Почти все еврейские праздники печальны. Это памятники несчастий – преследований, изгнаний, сожжений на костре. Молитвы – смесь стенаний, угроз и надежд. Но сегодня праздник радости – Симхас-Тора, древний праздник жатвы, единственное уцелевшее воспоминание о легендарной сельской жизни в Палестине. Сегодня потомки древних землепашцев, все эти портные, странствующие приказчики, дантисты, лудильщики, присяжные поверенные, грузчики, менялы, чеботари, аптекари, мясники, попрошайки, часовые мастера, биржевики и биндюжники веселятся, одаряют друг друга цветами. Сегодня, единственный раз в году, женщинам позволено войти на мужскую половину синагоги.
Мы все – и папа, и мама, и все дядья, и их жены – сидим на почетных скамьях впереди.
Все ждут торжественного момента.
И вот два седобородых старца подходят к стене и распахивают золоченые дверцы Ковчега Завета. Бережно вынимают они оттуда большой свиток в бархатном чехле. Это Библия. Она написана от руки на пергаменте. Сейчас ее торжественно пронесут среди народа. И нести ее должен, по обычаю, самый благочестивый, самый добродетельный прихожанин, наиболее почитаемый за святость своей жизни. Затаив дыхание все ждут, на кого падет эта честь.
И вот мы видим: Священную Книгу несет не кто иной, как мой дедушка Симон.

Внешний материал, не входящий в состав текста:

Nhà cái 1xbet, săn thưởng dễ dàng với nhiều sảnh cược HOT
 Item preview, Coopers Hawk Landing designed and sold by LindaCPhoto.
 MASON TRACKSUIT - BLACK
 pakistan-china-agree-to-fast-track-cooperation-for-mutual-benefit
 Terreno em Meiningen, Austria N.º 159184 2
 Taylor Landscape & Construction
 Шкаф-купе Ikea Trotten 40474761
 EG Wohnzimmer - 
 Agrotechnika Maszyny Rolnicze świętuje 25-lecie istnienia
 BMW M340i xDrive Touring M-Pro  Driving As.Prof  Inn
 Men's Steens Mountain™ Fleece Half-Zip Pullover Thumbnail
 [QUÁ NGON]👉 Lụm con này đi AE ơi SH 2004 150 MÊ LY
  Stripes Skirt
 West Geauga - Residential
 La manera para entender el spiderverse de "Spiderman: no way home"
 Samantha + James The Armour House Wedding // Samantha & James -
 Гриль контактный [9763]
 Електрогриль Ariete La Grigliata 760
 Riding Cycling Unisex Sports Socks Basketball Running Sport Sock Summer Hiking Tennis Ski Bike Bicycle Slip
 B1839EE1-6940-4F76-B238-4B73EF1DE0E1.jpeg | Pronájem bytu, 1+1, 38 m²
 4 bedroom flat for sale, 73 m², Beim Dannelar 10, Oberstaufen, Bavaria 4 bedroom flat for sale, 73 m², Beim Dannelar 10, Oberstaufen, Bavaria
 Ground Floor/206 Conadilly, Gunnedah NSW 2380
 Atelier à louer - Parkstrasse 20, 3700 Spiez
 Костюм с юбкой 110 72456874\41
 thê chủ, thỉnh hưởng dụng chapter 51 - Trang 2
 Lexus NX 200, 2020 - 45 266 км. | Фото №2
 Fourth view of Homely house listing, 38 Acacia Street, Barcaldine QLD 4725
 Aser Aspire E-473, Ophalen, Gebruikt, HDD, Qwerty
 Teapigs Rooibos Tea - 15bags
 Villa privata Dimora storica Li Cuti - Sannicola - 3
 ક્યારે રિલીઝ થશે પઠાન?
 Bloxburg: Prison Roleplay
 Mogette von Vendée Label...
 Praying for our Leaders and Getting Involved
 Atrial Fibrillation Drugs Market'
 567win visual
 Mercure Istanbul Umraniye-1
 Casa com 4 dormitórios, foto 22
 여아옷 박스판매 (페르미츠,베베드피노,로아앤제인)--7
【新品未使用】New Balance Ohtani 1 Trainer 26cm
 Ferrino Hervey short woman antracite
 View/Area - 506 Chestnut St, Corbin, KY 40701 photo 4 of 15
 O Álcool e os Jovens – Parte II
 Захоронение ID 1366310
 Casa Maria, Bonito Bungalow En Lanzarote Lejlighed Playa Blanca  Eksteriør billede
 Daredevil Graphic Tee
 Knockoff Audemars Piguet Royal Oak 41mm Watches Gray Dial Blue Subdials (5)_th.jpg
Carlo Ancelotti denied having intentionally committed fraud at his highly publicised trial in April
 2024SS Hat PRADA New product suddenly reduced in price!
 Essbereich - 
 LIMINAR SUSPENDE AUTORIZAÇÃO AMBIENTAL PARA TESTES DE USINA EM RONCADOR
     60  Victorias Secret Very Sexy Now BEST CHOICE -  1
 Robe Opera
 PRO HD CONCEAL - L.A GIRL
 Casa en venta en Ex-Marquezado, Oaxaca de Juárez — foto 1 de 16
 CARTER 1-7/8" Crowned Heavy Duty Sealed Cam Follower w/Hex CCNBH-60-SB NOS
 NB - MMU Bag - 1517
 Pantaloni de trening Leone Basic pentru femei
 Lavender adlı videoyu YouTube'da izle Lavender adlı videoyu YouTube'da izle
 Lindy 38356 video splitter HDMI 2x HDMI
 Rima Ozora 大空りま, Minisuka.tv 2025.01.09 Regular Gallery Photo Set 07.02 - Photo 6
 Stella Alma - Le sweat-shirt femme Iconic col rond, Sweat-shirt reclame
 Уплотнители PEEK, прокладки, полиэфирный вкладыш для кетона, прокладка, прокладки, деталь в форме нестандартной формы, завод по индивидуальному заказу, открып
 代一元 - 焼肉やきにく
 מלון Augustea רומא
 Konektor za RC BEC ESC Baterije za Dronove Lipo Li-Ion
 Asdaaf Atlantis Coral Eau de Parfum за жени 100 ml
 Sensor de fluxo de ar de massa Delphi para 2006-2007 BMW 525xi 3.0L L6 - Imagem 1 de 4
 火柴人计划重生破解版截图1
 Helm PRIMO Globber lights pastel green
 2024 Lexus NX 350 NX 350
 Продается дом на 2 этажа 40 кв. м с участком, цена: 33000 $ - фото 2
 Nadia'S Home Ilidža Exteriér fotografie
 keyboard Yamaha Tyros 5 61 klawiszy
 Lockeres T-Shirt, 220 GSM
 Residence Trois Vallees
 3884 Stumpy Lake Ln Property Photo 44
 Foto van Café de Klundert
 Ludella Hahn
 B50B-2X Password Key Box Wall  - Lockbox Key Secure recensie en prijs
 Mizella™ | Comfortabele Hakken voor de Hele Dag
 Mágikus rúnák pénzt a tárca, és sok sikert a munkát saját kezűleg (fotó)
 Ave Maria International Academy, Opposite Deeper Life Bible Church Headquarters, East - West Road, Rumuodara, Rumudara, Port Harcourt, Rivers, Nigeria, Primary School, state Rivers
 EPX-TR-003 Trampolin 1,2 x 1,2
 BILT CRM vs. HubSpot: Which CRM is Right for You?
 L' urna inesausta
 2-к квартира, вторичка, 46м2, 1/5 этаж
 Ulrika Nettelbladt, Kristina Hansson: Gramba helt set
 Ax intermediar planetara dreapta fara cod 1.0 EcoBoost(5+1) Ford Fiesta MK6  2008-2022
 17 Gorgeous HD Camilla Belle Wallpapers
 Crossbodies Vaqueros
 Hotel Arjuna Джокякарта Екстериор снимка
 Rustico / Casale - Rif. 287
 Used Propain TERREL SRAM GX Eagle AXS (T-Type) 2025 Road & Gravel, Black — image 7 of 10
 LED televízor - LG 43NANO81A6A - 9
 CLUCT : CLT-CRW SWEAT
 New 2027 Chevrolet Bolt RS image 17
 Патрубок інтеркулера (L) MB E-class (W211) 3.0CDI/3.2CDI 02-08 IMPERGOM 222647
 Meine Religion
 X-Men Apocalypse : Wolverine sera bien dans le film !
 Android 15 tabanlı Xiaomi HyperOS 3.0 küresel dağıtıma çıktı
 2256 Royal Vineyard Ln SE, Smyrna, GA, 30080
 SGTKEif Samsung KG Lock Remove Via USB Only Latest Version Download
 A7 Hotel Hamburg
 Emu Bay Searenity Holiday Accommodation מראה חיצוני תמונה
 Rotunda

Какое это торжество для всех нас! По лицу прабабушки текут слезы гордости и умиления. Я вижу – и отец прикладывает платок к глазам. Дядьки-гвардейцы стоят навытяжку, как по команде «смирно». Даже дядя Филипп непривычно серьезен.
Люди тянутся к Библии. Наиболее напористым удается поцеловать край ее бархатного чехла, другим – только коснуться его рукой и после этого поцеловать свои пальцы. А некоторые, я вижу, прикасаются губами к одежде дедушки Симона, как к святыне.
Я очень волновался, что к приходу Володи и Вячика я не успею раздобыть водку. Но когда мы вернулись домой, я с облегчением увидел, что под большим каштаном их еще нет.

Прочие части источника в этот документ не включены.